In the fifth chapter, Kam analyzes the development of homonormativity and the discursive spread of the belief that one has to be a “model citizen” first, before one can expect to be socially accepted as a homosexual in Chinese society. Kam further emphasizes that “silence can be a violent form of symbolic erasure” (p. 92), and questions Chou Wah-shan’s concept of “Chinese tolerance”, which claims that same-sex relationships are tolerated in Chinese families in a “don’t ask, don’t tell” way. Kam sees tolerance as a “discourse of depoliticization and personalization of political issues” (p. 93) and self-shaming as often being the only emotion permitted to non-normative sexual subjects within Chinese families.
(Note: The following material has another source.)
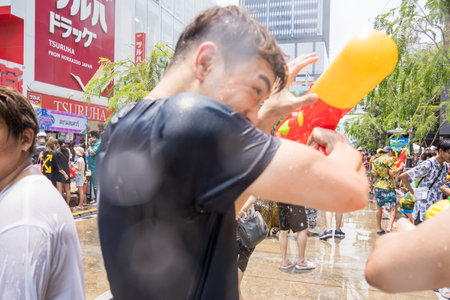 Siam Square, Bangkok, Thailand - APR 13, 2023 Songkran Festival, The short action of people joins celebrations of the Thai New Year or Songkran in Siam Square Bangkok, Thailand.のeditorial素材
In her conclusion, Kam predicts a further diversification of the tongzhi/lala communities and the emergence of related new social groups in China, including transgender, FTM (female-to-male transsexual) and gay men’s straight wives (同妻tongqi). A diversification is also visible on the discursive level, according to Kam, debates about queer theory versus “scientism”, as well as “constructivism” versus “essentialism” in homosexuality, can be found in Chinese cyber forums. On the community level, Kam observes the emergence of tongzhi grassroots organizations in economically less developed regions. Hers is a very convincing book which could only have been written by someone who is not only an academic scholar but also an active participant in Chinese tongzhi communities, as Kam has been for many years. Her analysis of the emergence of a “politics of public correctness” will have to be seriously considered by any scholars and activists working on LGBTQ issues in Chinese societies.

(Kimiko Suda, Free University of Berlin)


1 The term “tongzhi“ () meaning “same will” or “comrade” in Chinese, was appropriated in 1989 by Chinese gay and lesbian activists to refer to Chinese homosexuals, thereby creating an alternative to the Western term “gay” and the official term “tongxinglian” (同性恋) to emphasize their agency and the distinctiveness of their cultural and political agenda.